--- START ---

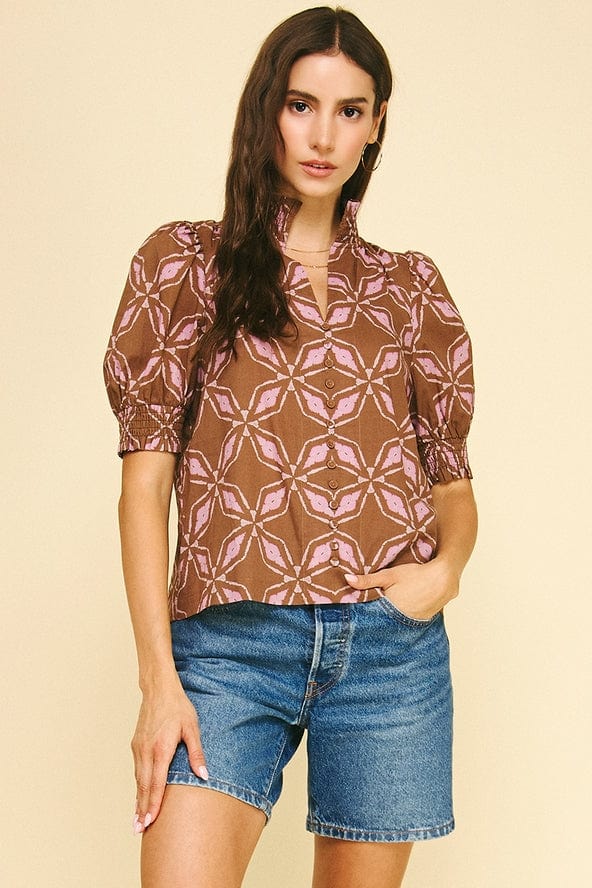Pinch Cocoa & Pink Geometric Print Blouse - Little Miss Muffin Children & Home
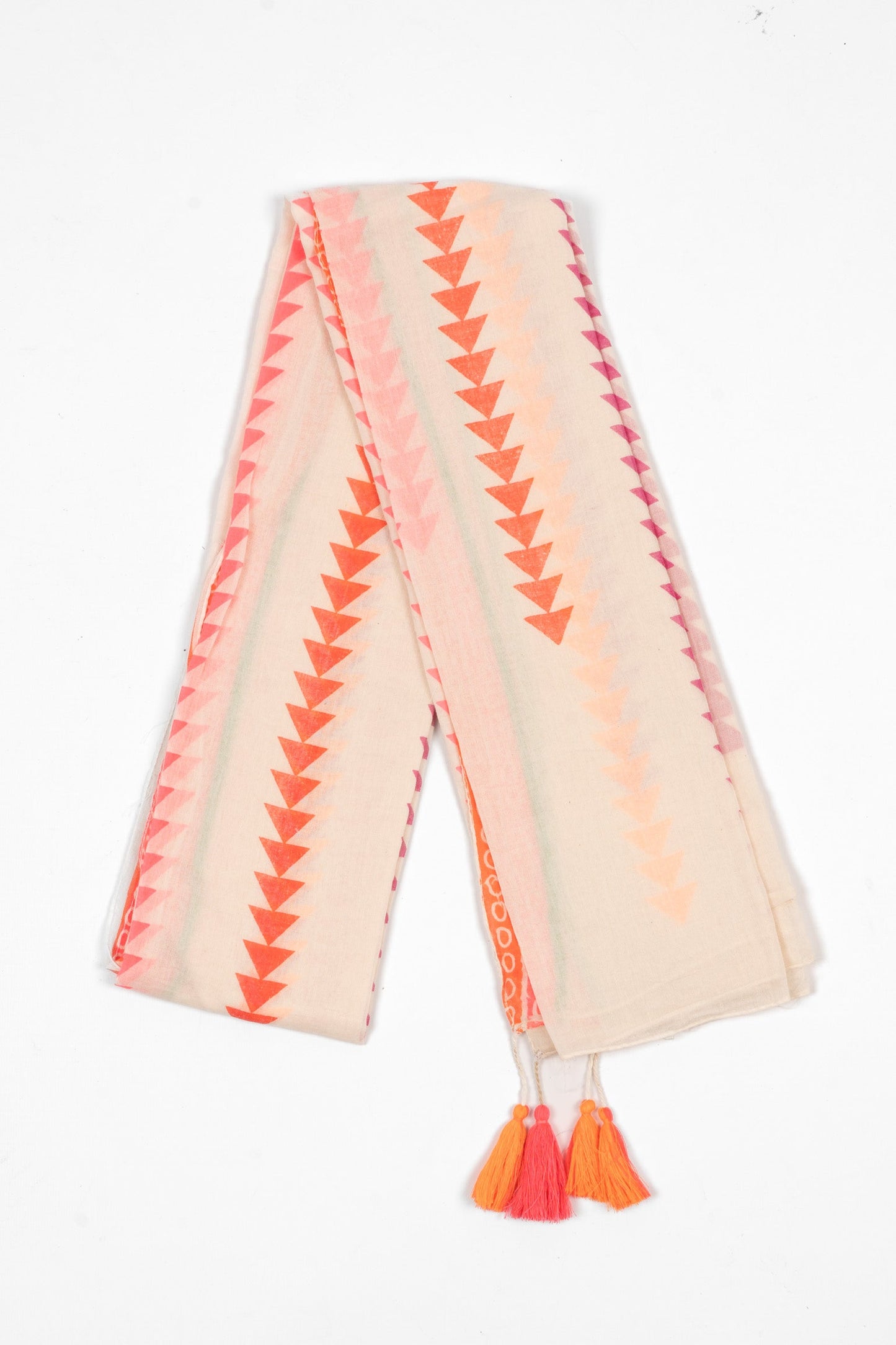 Lightweight Cotton Scarf - Pink Arrow Print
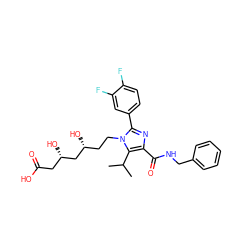 CC(C)c1c(C(=O)NCc2ccccc2)nc(-c2ccc(F)c(F)c2)n1CC[C@@H](O)C[C@@H](O)CC(=O)O ZINC000045498423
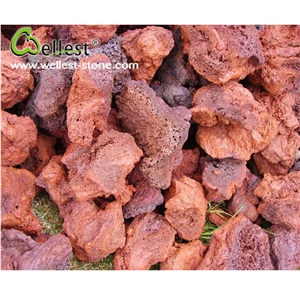 High Quality Natural Red Lava Stone Garden Cultured Stone for Garden Design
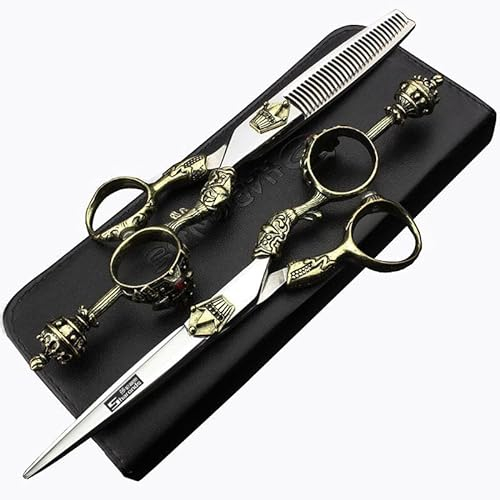 6 Zoll Japan 440C Master Haar Studio Schere Friseur professionelle Modellierung Werkzeuge Retro Griff Shake Drum Design (6 Zoll 2 Stück)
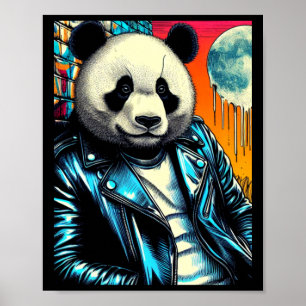 Panda in City 2 Aufkleber Poster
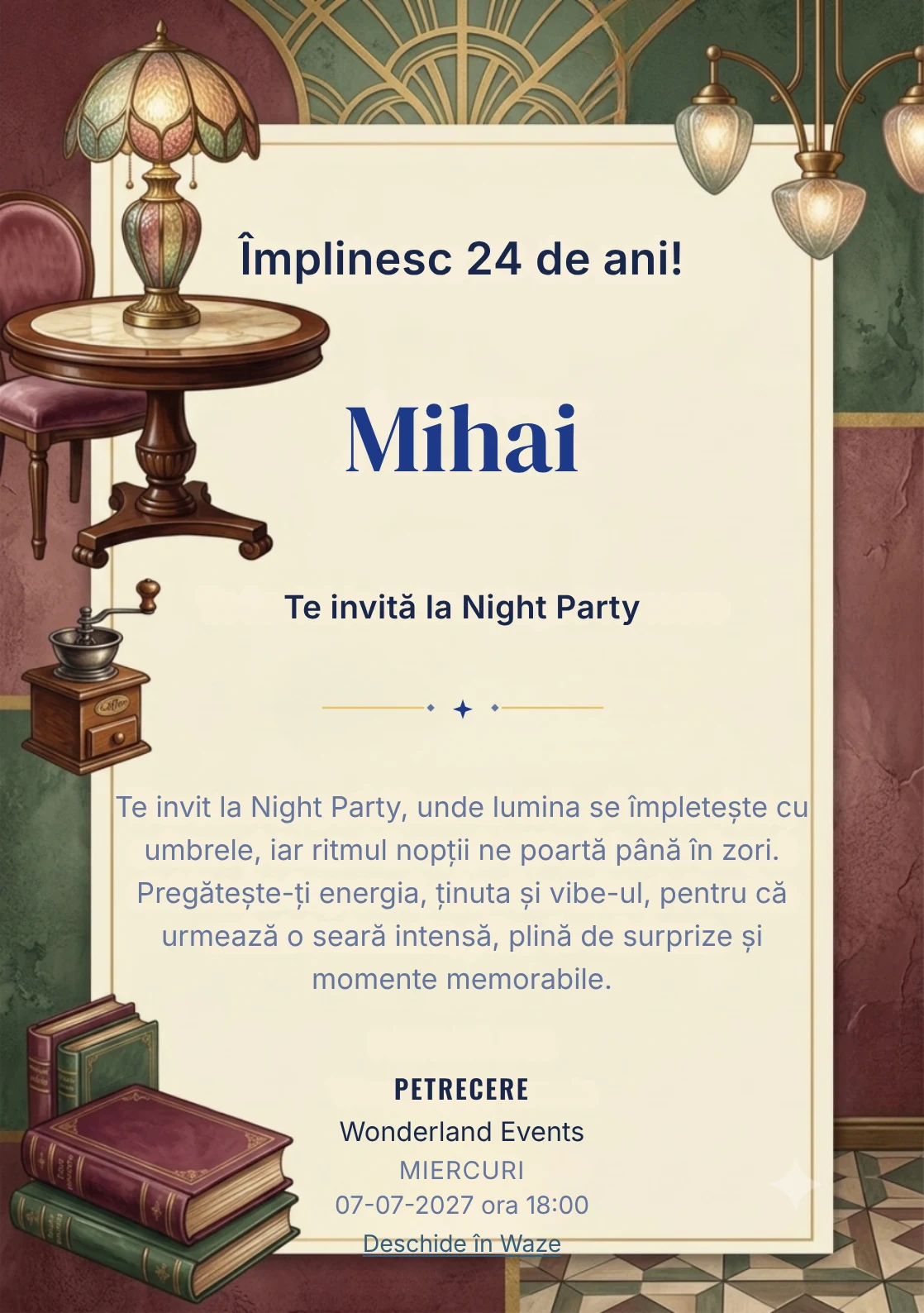 Cafe Society este un model de invitații online pentru o aniversare adultă, definit vizual de o masă rotundă și o lampă artizanală.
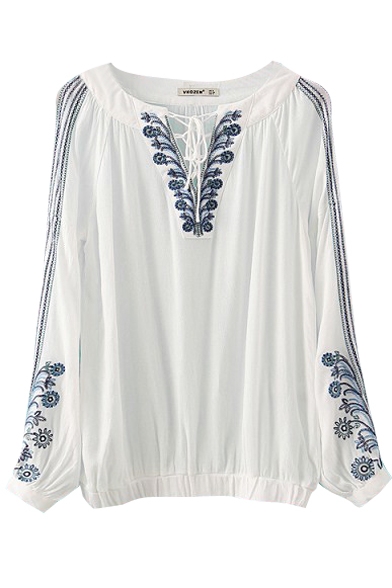 White Embroidered Long Sleeve Tied Front Blouse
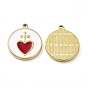 Vacuum Plating 201 Stainless Steel Pendants, with Enamel, Real 18K Gold Plated, Flat Round with Heart Charm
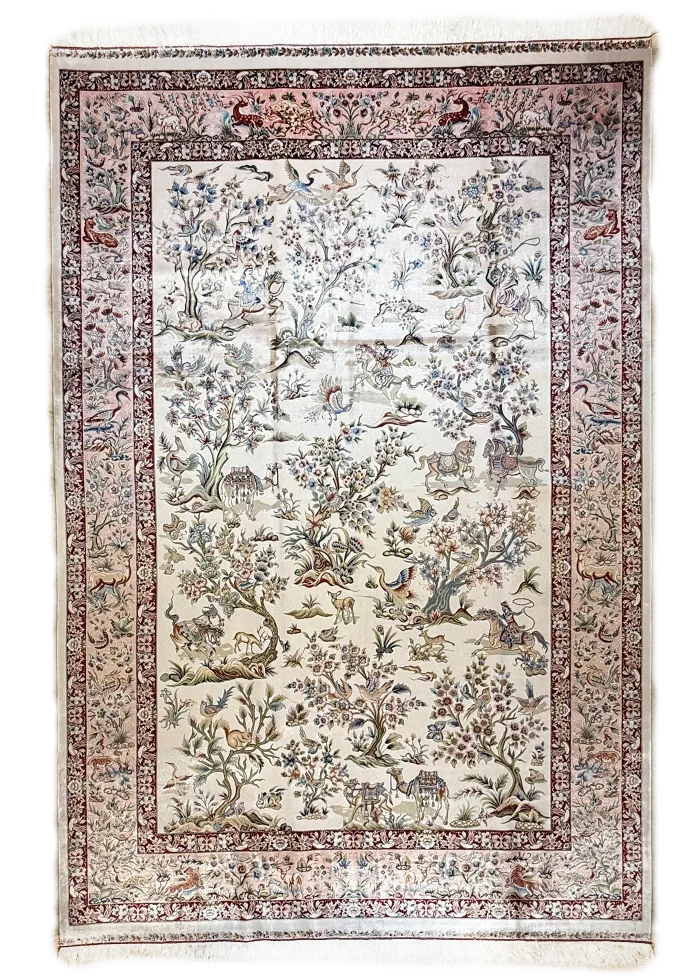 Beige and Pink Persian Rug Hunting Pattern 7 x 9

--- END ---

→ YOUR TASK
Only the lines from the one with "Vacuum Plating 201" through the final line of the entries above are to be repeated, exactly as written and without pictures.

→ ANSWER SECTION
 Vacuum Plating 201 Stainless Steel Pendants, with Enamel, Real 18K Gold Plated, Flat Round with Heart Charm
 Beige and Pink Persian Rug Hunting Pattern 7 x 9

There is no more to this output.